A payer of workers’ compensation benefits would be required to make benefits payments within seven days of recognized payment dates, unless the payer has sought a suspension or termination of benefits appeal that permits such non-payment. Workers’ compensation medical payments and compensation payments ordered by a Workers’ Compensation Referee’s final order would be paid within 30 days of the order, unless the decision is appealed and a supersedeas is requested. Should the supersedeas be denied, the compensation and medical payments would be required to paid within ten days from the denial date.
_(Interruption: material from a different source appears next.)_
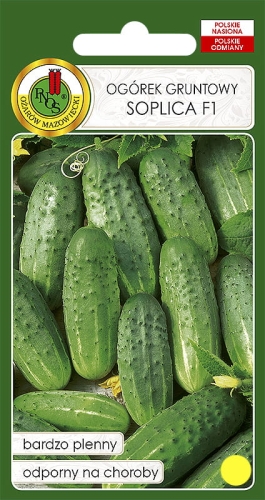 Nasiona PNOS -ogorek soplica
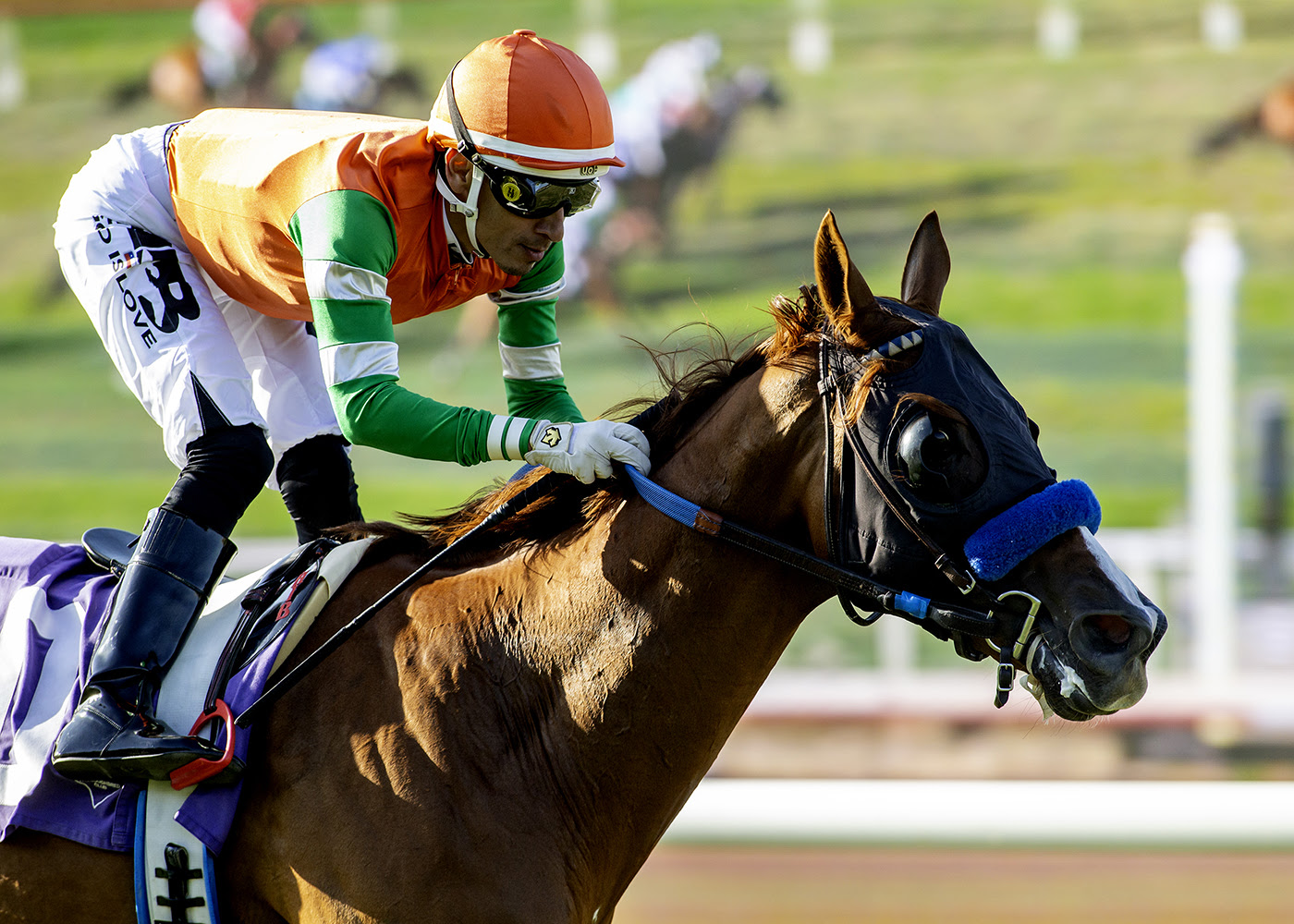 Alpha Bella winning the CTT and TOC Stakes at Del Mar under jockey Hector Berrios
The Labor and Industry Department would investigate and provide staff to assist workers’ compensation claimants with complaints about non-payments of benefits. The Department would be able to impose administrative penalties of not less than $25 and not more than $100 for each day of violation of payments provisions if the Department determines the violation was flagrant, the violator has a history of past violations on the same claim, if the violation was an attempt to pressure a claimant into a settlement, or if the payer acted in bad faith.

HB 163: Eliminate Social Security Offset to Unemployment Compensation Benefits

H.B. 163, P.N. 163 (ADOLPH) This would amend the Unemployment Compensation Law, Act 1 of the Second Special Session of 1937, P.L. 2897.
This would eliminate the current deduction from unemployment compensation benefits that is taken for one-half of social security benefits received.